* Work item:
Return each line exactly, beginning with the one that has "Grinch Nurse Ugly" and finishing with the final line of the material. Drop any pictures.

* Given records:
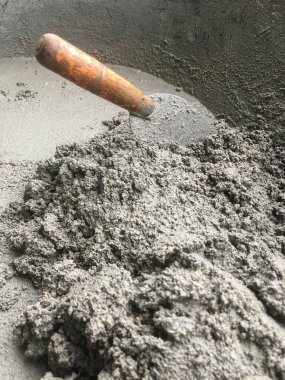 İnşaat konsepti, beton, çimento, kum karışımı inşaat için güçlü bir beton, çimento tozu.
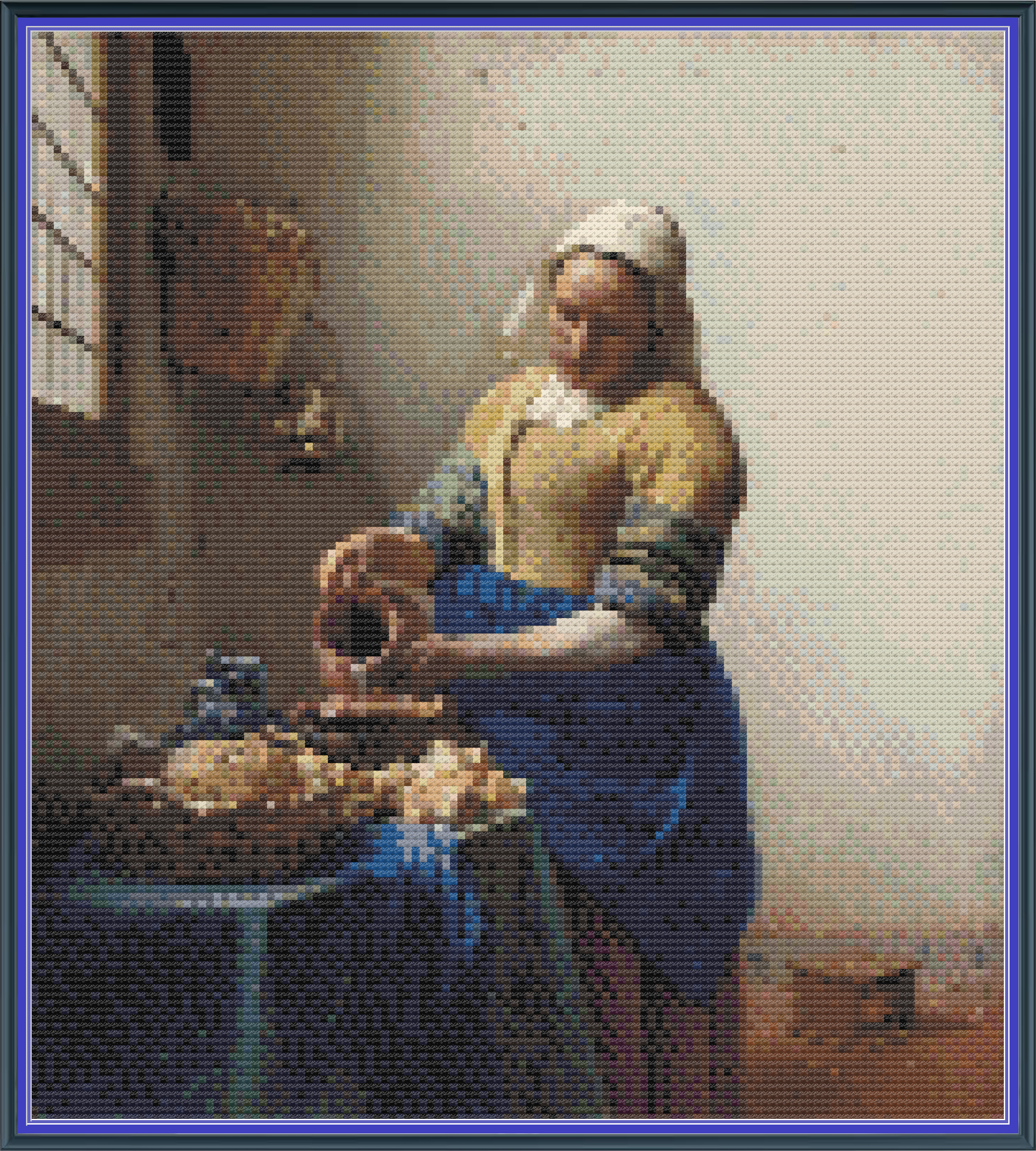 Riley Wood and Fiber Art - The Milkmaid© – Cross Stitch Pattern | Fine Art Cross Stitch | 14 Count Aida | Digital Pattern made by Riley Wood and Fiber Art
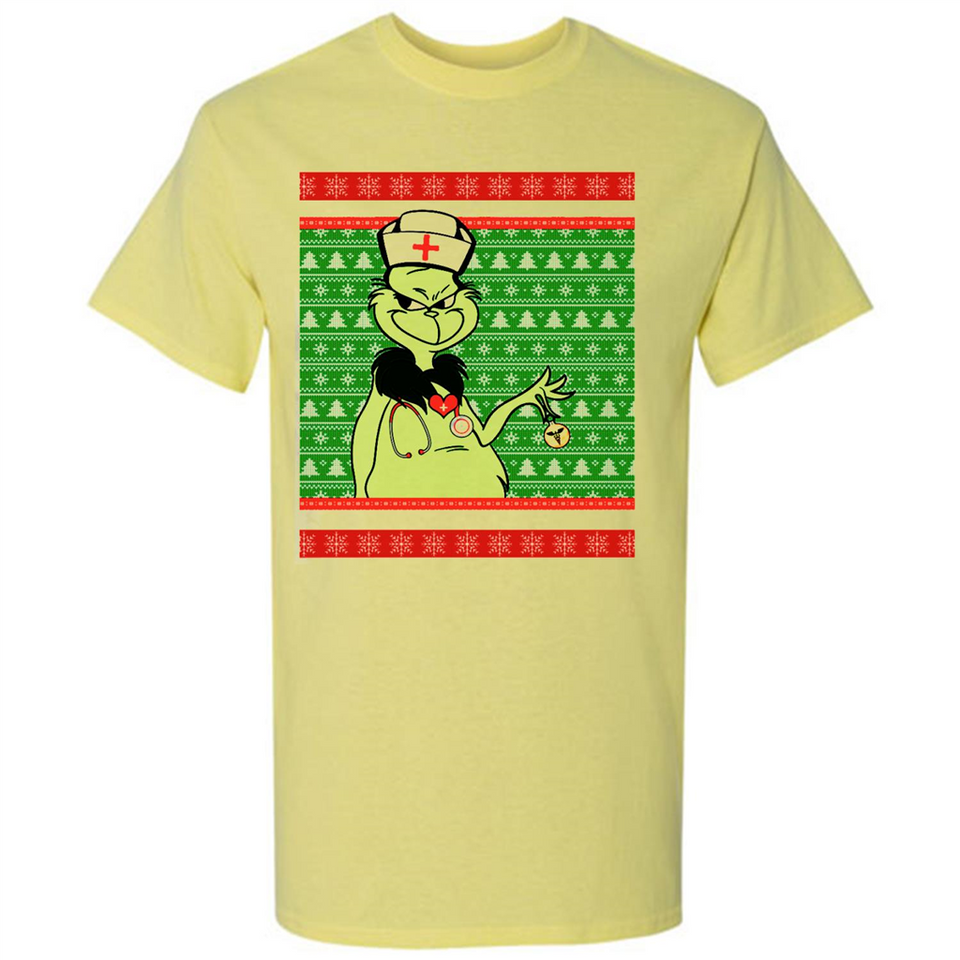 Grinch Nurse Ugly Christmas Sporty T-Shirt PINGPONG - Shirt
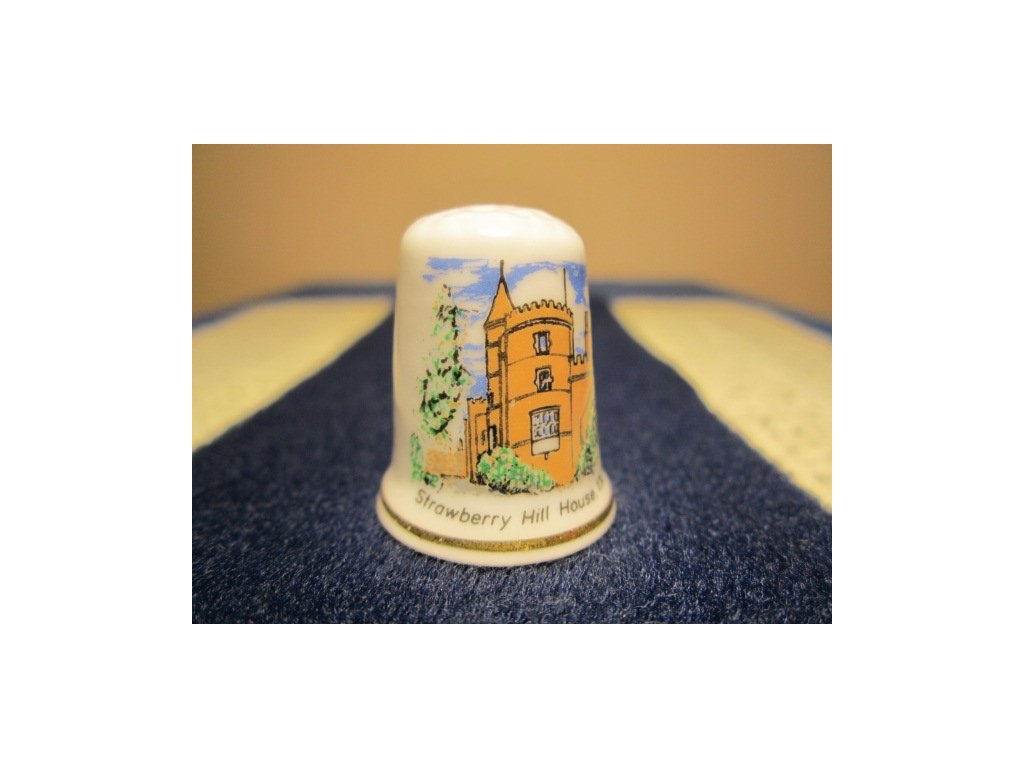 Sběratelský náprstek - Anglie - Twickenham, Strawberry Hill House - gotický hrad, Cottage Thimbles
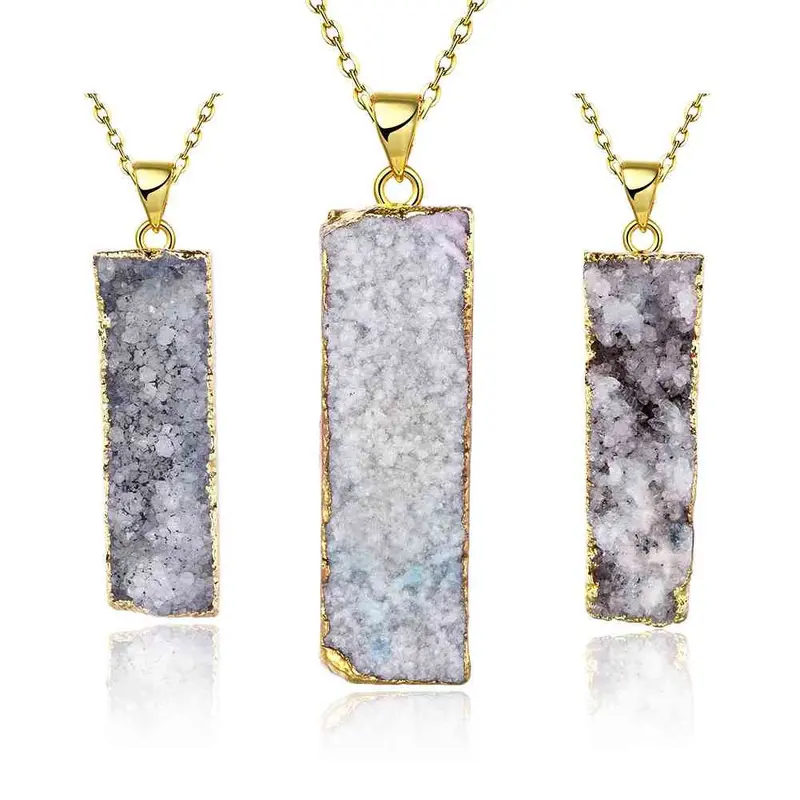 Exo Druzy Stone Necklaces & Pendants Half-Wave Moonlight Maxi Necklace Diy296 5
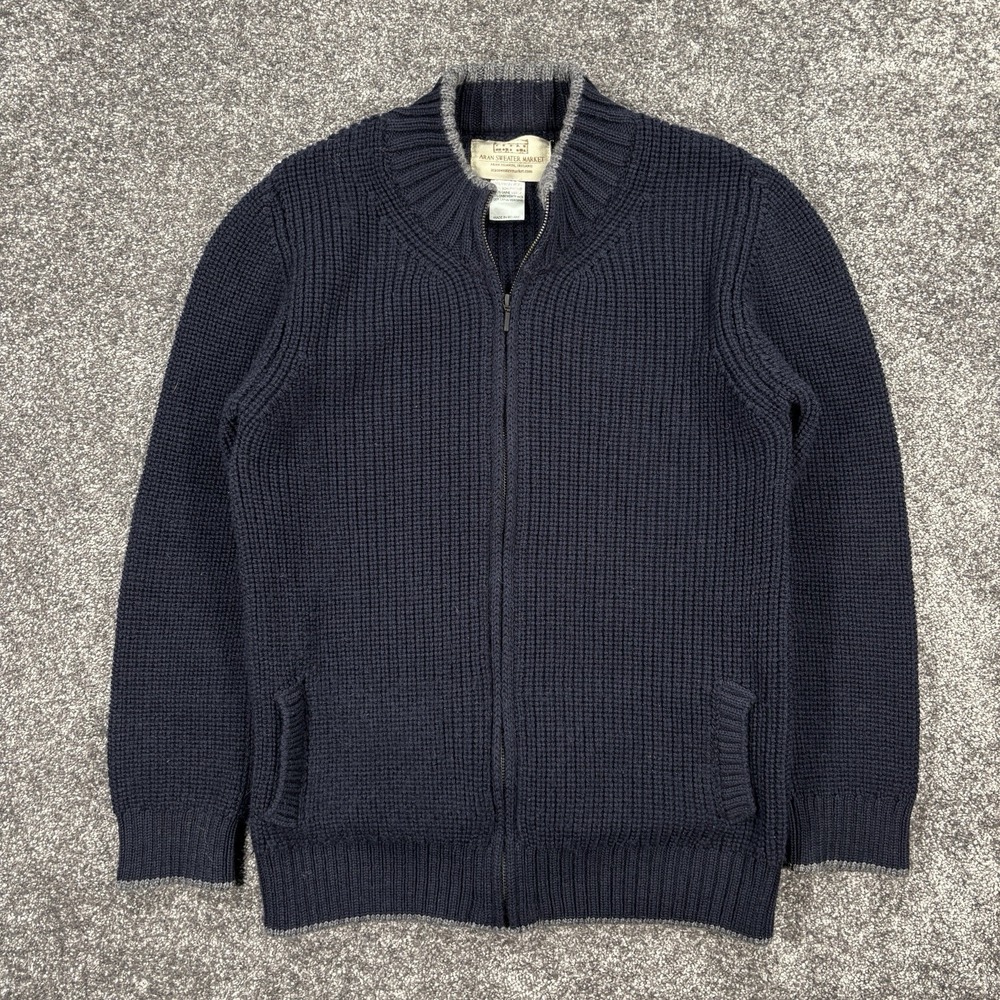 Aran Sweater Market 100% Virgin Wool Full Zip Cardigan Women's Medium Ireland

* Output below:
 Grinch Nurse Ugly Christmas Sporty T-Shirt PINGPONG - Shirt
 Sběratelský náprstek - Anglie - Twickenham, Strawberry Hill House - gotický hrad, Cottage Thimbles
 Exo Druzy Stone Necklaces & Pendants Half-Wave Moonlight Maxi Necklace Diy296 5
 Aran Sweater Market 100% Virgin Wool Full Zip Cardigan Women's Medium Ireland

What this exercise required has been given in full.